Work item | Please output the data exactly, without omitting anything.

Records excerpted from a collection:
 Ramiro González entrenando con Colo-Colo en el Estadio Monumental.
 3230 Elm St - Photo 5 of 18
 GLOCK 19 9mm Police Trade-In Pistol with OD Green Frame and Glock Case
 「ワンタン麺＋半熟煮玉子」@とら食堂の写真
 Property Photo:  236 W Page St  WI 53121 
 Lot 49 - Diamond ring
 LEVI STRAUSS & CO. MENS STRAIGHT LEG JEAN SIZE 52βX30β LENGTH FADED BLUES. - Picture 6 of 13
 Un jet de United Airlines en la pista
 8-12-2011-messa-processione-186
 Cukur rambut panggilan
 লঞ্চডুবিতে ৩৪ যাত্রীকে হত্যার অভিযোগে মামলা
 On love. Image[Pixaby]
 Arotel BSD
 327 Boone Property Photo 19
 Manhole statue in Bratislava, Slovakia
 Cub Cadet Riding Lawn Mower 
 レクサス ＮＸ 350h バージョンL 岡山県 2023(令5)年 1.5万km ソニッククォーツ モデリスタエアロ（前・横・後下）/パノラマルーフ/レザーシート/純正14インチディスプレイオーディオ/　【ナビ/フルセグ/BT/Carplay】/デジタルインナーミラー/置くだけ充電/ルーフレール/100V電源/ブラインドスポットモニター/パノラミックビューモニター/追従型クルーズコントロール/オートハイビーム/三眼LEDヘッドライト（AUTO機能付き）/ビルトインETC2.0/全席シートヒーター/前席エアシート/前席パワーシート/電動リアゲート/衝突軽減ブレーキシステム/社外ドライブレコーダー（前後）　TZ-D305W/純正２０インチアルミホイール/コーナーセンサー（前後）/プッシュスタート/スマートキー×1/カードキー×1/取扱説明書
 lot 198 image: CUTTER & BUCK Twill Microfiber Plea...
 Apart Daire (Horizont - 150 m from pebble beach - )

Result for this task |
 Ramiro González entrenando con Colo-Colo en el Estadio Monumental.
 3230 Elm St - Photo 5 of 18
 GLOCK 19 9mm Police Trade-In Pistol with OD Green Frame and Glock Case
 「ワンタン麺＋半熟煮玉子」@とら食堂の写真
 Property Photo:  236 W Page St  WI 53121 
 Lot 49 - Diamond ring
 LEVI STRAUSS & CO. MENS STRAIGHT LEG JEAN SIZE 52βX30β LENGTH FADED BLUES. - Picture 6 of 13
 Un jet de United Airlines en la pista
 8-12-2011-messa-processione-186
 Cukur rambut panggilan
 লঞ্চডুবিতে ৩৪ যাত্রীকে হত্যার অভিযোগে মামলা
 On love. Image[Pixaby]
 Arotel BSD
 327 Boone Property Photo 19
 Manhole statue in Bratislava, Slovakia
 Cub Cadet Riding Lawn Mower 
 レクサス ＮＸ 350h バージョンL 岡山県 2023(令5)年 1.5万km ソニッククォーツ モデリスタエアロ（前・横・後下）/パノラマルーフ/レザーシート/純正14インチディスプレイオーディオ/　【ナビ/フルセグ/BT/Carplay】/デジタルインナーミラー/置くだけ充電/ルーフレール/100V電源/ブラインドスポットモニター/パノラミックビューモニター/追従型クルーズコントロール/オートハイビーム/三眼LEDヘッドライト（AUTO機能付き）/ビルトインETC2.0/全席シートヒーター/前席エアシート/前席パワーシート/電動リアゲート/衝突軽減ブレーキシステム/社外ドライブレコーダー（前後）　TZ-D305W/純正２０インチアルミホイール/コーナーセンサー（前後）/プッシュスタート/スマートキー×1/カードキー×1/取扱説明書
 lot 198 image: CUTTER & BUCK Twill Microfiber Plea...
 Apart Daire (Horizont - 150 m from pebble beach - )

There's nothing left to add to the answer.